Chico cantava: “Vai passar”. Hoje só podemos cantar: “Vai piorar”

 RENATO RIELLA

 Vai piorar. Não há motivo para melhorar.

As manifestações crescentes que ocupam todo o Brasil e mesmo cidades do exterior estão apenas começando, pois não ofereceram ainda nenhum resultado.

Há meses (anos) venho alertando neste BLOG que a coisa vai estourar.

Tenho 64 anos, mas penso longe e acompanho as redes sociais, principalmente o Facebook, onde esta revolução está presente há muito tempo. E não tem nada a ver com a economia, que vai até muito bem, se comparada com a política. Esta é a nossa podridão.

Faixas as mais diferentes da sociedade, de todas as idades, há muito tempo reclamam da eleição de Renan Calheiros para a presidência do Congresso. Um abuso!
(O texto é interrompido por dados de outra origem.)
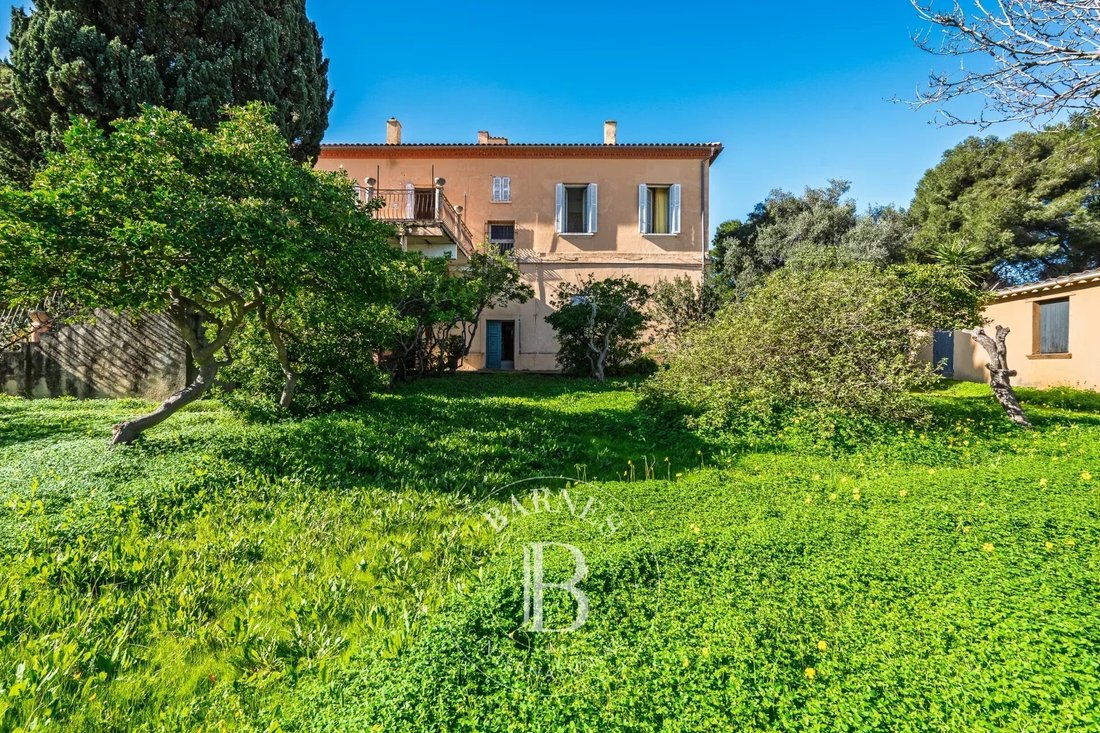 Villa in L'Île-Rousse, Corsica, France 2 - 17302845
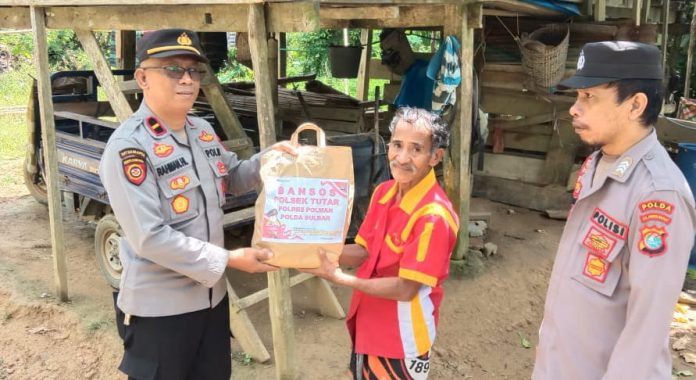 Polsek Tutar Bagi Sembako Kepada Warga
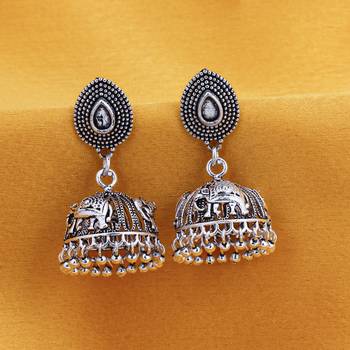 Silver earrings 3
Protestam contra a impunidade geral e reclamam a prisão dos mensaleiros. Se isso demorar muito, manifestantes vão invadir o Supremo Tribunal Federal e queimar quem estiver lá dentro. Você hoje duvida disso?

Ninguém esquece que o ministro Gilmar Mendes deu habeas corpus para o “banqueiro” Daniel Dantas na madrugada do STF. E não foi questionado por isso.

A revolução popular vinha presente na revolta contra o pastor nazista que assumiu a Comissão de Direitos Humanos da Câmara. E contra José Genoíno, João Paulo e outros condenados que estão mandando no Congresso.

No Facebook, tem sido cobrada mil vezes explicação para os preços superfaturados dos estádios. E para a presença nojenta e desonesta da Fifa. E ninguém tentou explicar nada a nós.

Essas coisas não têm a ver com economia, nem com preços. Quando a população reclama dos ônibus, na verdade exprime a revolta contra empresários sem escrúpulo.

No Facebook, vi duas vezes fotos de ônibus em Brasília na qual pessoas pobres usavam guarda-chuvas dentro do transporte coletivo, protegendo-se de goteiras.

No Facebook, de vez em quando, aparece foto de ônibus quebrado. Esta semana surgiu uma dramática. Um ônibus parou de rodar no meio da Avenida Estrutural, no DF. Dezenas de pessoas apareciam no escuro, em pé no meio da pista, esperando carona num disco-voador. Coitados!

Até na brincadeira o Facebook exprime o drama da população. Fez grande sucesso a foto de uma fila de pacientes impacientes, na Bahia, onde a população marcava o lugar com sandálias havaianas. Parecia engraçado, mas escondia o drama do péssimo atendimento nas unidades de saúde.

A insegurança nas cidades é outro fator de revolta. Surgem histórias horrorosas, sem que o Estado se pronuncie, nem prometa nada.

As votações no Congresso Nacional são sempre horríveis e suspeitas. E nunca podemos fazer nada, pois a população da Bolsa Família vota em qualquer um e elege sempre os piores.

E os partidos? Estes são o que existe de pior no Brasil. As pessoas  decentes não têm futuro nessas siglas dominadas por mafiosos. Não há como um artista, um jornalista, um professor, um religioso ou qualquer pessoa normal começar uma carreira política, pois as legendas partidárias têm dono, que cobram caro por isso.

Muitas outras questões aparecem nos protestos, entre os quais a revolta contra uma Copa do Mundo que marginalizou os mais pobres e come o dinheiro dos ricos.

Este passa a ser o fator mais crítico, pois corre muito o risco de que, nas próximas horas, a Fifa estude outra opção mundial para realizar a Copa de 2014. Já pensaram se isso acontecer? Ficaremos com 12 estádios inúteis, mas quem sabe ainda será um lucro?

Dito tudo isso e muito mais, só podemos acreditar que vai piorar. Hoje a massa revoltada não tem líderes definidos nem tem com quem negociar.

E não há uma pauta definida. O que existe é somente uma imensa raiva e uma vontade de destruir o que nos foi imposto por um regime insensível à voz da população pensante.

De onde surgirá um poder mediador? Só se chamar a ONU.